Taipei, the gateway to Taiwan. And with Air New Zealand now operating non-stop flights between Auckland and this culturally breath-taking city, ask us about their best flights.
1. Rich history
Over the centuries many diverse cultures have inhabited Taiwan, including the Indigenous Taiwanese, Dutch, Spanish, Japanese, and Han Chinese. Take a closer look at historic influences such as Fort Santo Domingo in in Xinbei, built in 1629 by the Spanish and a beautiful spot for an afternoon picnic. Fort Zeelandia was built in the 17th century by the Dutch and The Chimei Museum offers a clear example of European-influenced architecture. In Taipei, the National Palace Museum is home to an extensive collection of Chinese imperial artefacts.
2. Taiwanese food
Go in search of Taiwanese street food. Night markets are hugely popular but Shilin Night Market is by far one of the most famous, and you won’t get a better selection. The Taiwanese also take their beef noodle soup very seriously, so much so, there’s even a national beef noodle festival. The discerning foodie should head to the luxurious W Taipei for an upmarket broth complete with stunning skyline views. We have Taiwan to thank for gua bao (steamed pork belly sandwich), bubble tea and xiaolongbao (steamed dumplings). Din Tai Fung is a chain restaurant arguably serving the world’s best xiaolongbao. Find the original eatery on XinYi Road, Taipei.
3. Baseball matches
Introduced in Taiwan more than 100 years ago by Japanese occupiers, and the nearest thing to a national sport, the Taiwanese go gaga for baseball. The country’s Chinese Professional Baseball League (CPBL) is the most popular top-tier baseball league to follow in Taiwan. Try and catch a game because it’s fun to watch and a great cultural experience. Xinzhuang Baseball Stadium in New Taipei City is a good place to experience a packed-out game. The island’s most popular team, the Chinatrust Brothers easily attract 10,000 plus fans every time they play here, and as you can imagine, the atmosphere is electric.
4. Water attractions
Sun Moon Lake is a beautiful destination for a short getaway. A huge body of water fringed by hotels, its sedentary atmosphere makes for a relaxing city escape. The archipelago of Penghu boasts tropical sands and plenty of beaches reachable via boats accessing the islands. It’s also a must for seafood lovers. Yangmingshan National Park is just a short bus ride from Taipei and features plentiful hot springs. Make sure you go to Xiaoyoukeng and see the geysers. For drop dead gorgeous beaches, Okinawa Island is the largest of the Japanese Okinawa Islands but closer to Taiwan than Japan, while Kenting National Park is home to stunning waterfalls but it’s the golden beaches near Kenting Street that are unmissable.
5. Movie highlights
For fans of Hayao Miyazaki anime (and who isn’t?) the Taiwanese town of Jiufen inspired the labyrinth town in Miyazaki's cult-movie, Spirited Away. The narrow streets, stairs and red lanterns are all found in the animation, with the town’s Grand Tea House supposedly influencing the film’s focal bathhouse. Then there’s Kenting National Park. If you’ve ever watched The Life of Pi, the deserted white-sand beach of tropical Mexico is actually Kenting Beach. Just 500m in length, you can visit the bay on the park’s west side. Enjoy fine swimming, snorkelling and scuba diving. It’s an exotic paradise and quite possibly Taiwan’s best-kept secret.
6. Rainbow Village
Rainbow Village is a former ex-military village, built hastily and cheaply decades prior. It is also the artist’s palette of local man, Huang Yung-Fu. He felt the village was too drab and has spent years painting hundreds of animals, dolls, airplanes and manga characters across the walls and alleys. It’s free to visit and there’s even a small souvenir shop run by Rainbow Grandpa’s (as he’s now affectionately known) grandson.

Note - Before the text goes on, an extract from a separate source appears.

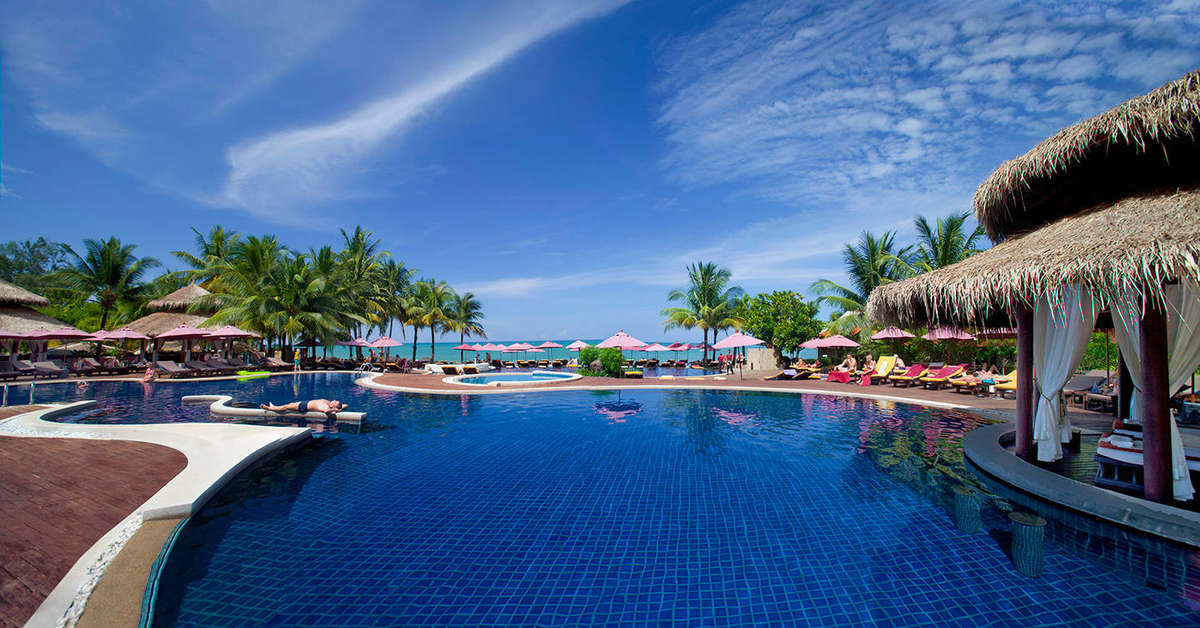 Een foto van het zwembad bij Khao Lak Laguna Resort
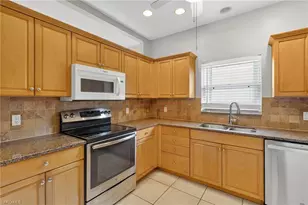 657 109th Ave N, Naples, FL 34108 - Photo 12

7. Native Taiwanese townships
Taiwan is also scattered with indigenous Austronesian tribes. A small island off the country’s southeastern coast is home to the most remotely located indigenous tribe: The Tao. On Taiwan’s east coast, the largest concentrations of indigenous tribes is found in Taitung and every summer, they hold the Festival of Austronesian and Formosa Indigenous Cultures. Swing by Dulan Sugar Factory Café in Taitung City for traditional and contemporary indigenous music, played live by indigenous singers who instigate impromptu jam sessions. Visitors are welcome to join in.